THANKS for publishing Leslie Riddoch’s brilliant piece on broadband (Scotland is taking the slow road to connect to the superfast highway, The National, Sep 29). It sheds light on many aspects of the subject area which are obscure and difficult to understand otherwise.

Where I stay, just west of Banchory, download speeds of 2Mb/s and less are the norm, even though the main optical fibre trunk passes up the A93 only a few metres from our doors. But as Ms Riddoch says, whether or not we are part of the 95 per cent of the population expected to be connected by 2017 seems impossible to establish.We presumed we are not, and so formed an action group with the aim of securing a broadband service via the offices of Community Broadband Scotland (CBS), a body which has been set up to offer alternative solutions for those with no prospect of being included in the present 95% plan. Only this week we discovered that in our postcode there are three subscribers that have been classified by BT as “in scope” (ie they are apparently within the “95%”). Unbelievably, CBS now inform us that under the rules, plans by BT to connect a single subscriber in a given postcode excludes all other subscribers in that postcode from CBS support. It transpires that, by this means, half of the 130 local residents who have joined our action group are excluded from CBS support and are thus cast into the wilderness with no prospect of broadband before 2022. After reading Ms Riddoch’s article, I suspect that the reason for BT’s planned connection of selected subscribers (those presumably which are relatively easy and thus “cheap” to connect) is that it excludes those requiring more expensive connection, so delivering a commercial gain.

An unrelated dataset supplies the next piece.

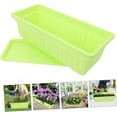 thumbnail image 1 of Topboutique Rectangular Window Box Planter,Plastic Vegetable Flower Planters Boxes with Trays for Windowsill,Indoor Outdoor Flower Pots for Garden,Patio,Home Decor,Green,17 inch,5 Pcs, 1 of 8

This situation is totally unfair to large numbers of the Scottish public, who pay their taxes and line rentals like everybody else.

Ken Gow

AT the time of the referendum, every suggestion that the SNP’s financial case for independence was seriously flawed was met with references to scaremongering, negativity or the ubiquitous “talking Scotland down”. The low oil price and the largest deficit in the EU have combined to prove that the naysayers were correct. However, the more domestic financial impact of leaving the UK has rarely been discussed.

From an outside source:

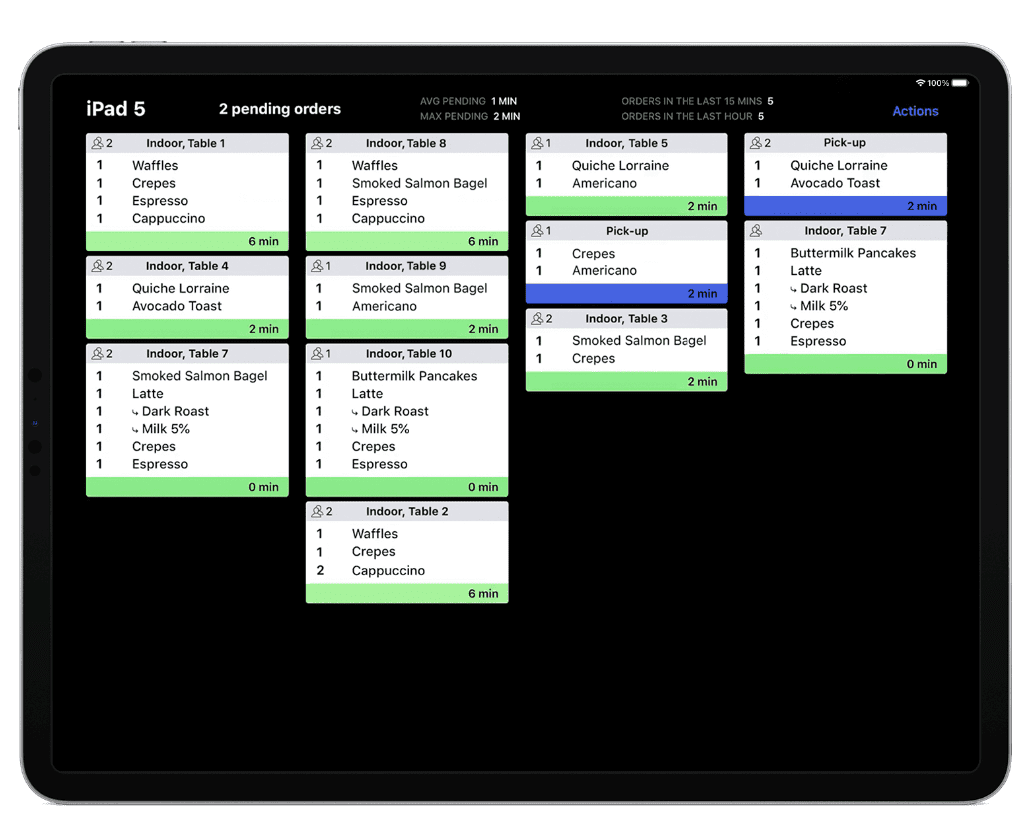 Lightspeed Restaurant kitchen display software on iPad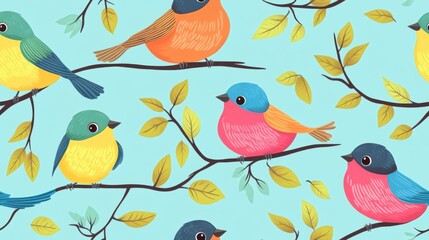 Fototapeta premium A vibrant pattern of colorful birds perched on branches among autumn leaves, set against a soft blue background.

For example, in Scotland we live in the remotest part of the UK, with much more difficult transport issues than elsewhere.Yet the Post Office charges the same for a stamp to send your grandmother’s birthday card, whether from Shetland to Dumfries, or Notting Hill to Islington.The standard, averaged cost is hugely to Scotland’s benefit. If you shop online, the post and packing cost from anywhere is the same for the whole of mainland UK. Just check the international price tag on an item of clothing and observe the varying prices in different parts of Europe. Losing the economy of scale of the UK, and our shared transport and infrastructure costs, would cost Scotland dear. We have yet to hear what independence would give us which would be worth the price.

Carole Ford

HAVING enjoyed a two-night stay in Stirling last week, I was interested to read Stewart Connor’s letter of September 27 on the NTS, and the reference in Donald Anderson’s letter of the same date to the Stirling Smith Museum and Art Gallery. I went to the National Trust for Scotland’s Bannockburn Centre, and was appalled. The focus is 3D technology and gaming, using elements of the battle as the game scenario. The attempt at historical context was poor. I wrote to the NTS to say the Centre did not “conserve and promote” the Bannockburn element of Scotland’s heritage, but destroys and denigrates it.

However, I very much enjoyed the current art exhibition, and the history of Stirling exhibits at the Stirling Smith.These included a lot of contextual information on Wallace, Bruce, Bannockburn and the Wallace Monument, as well as fascinating finds from the battlefield site, lent by the metal detectorist James Bayne. For me it is the Stirling Smith which is the winner of the Bannockburn battle! It has a very good child-friendly cafe, and an interesting selection of books for sale. I recommend the Stirling Smith to your readers.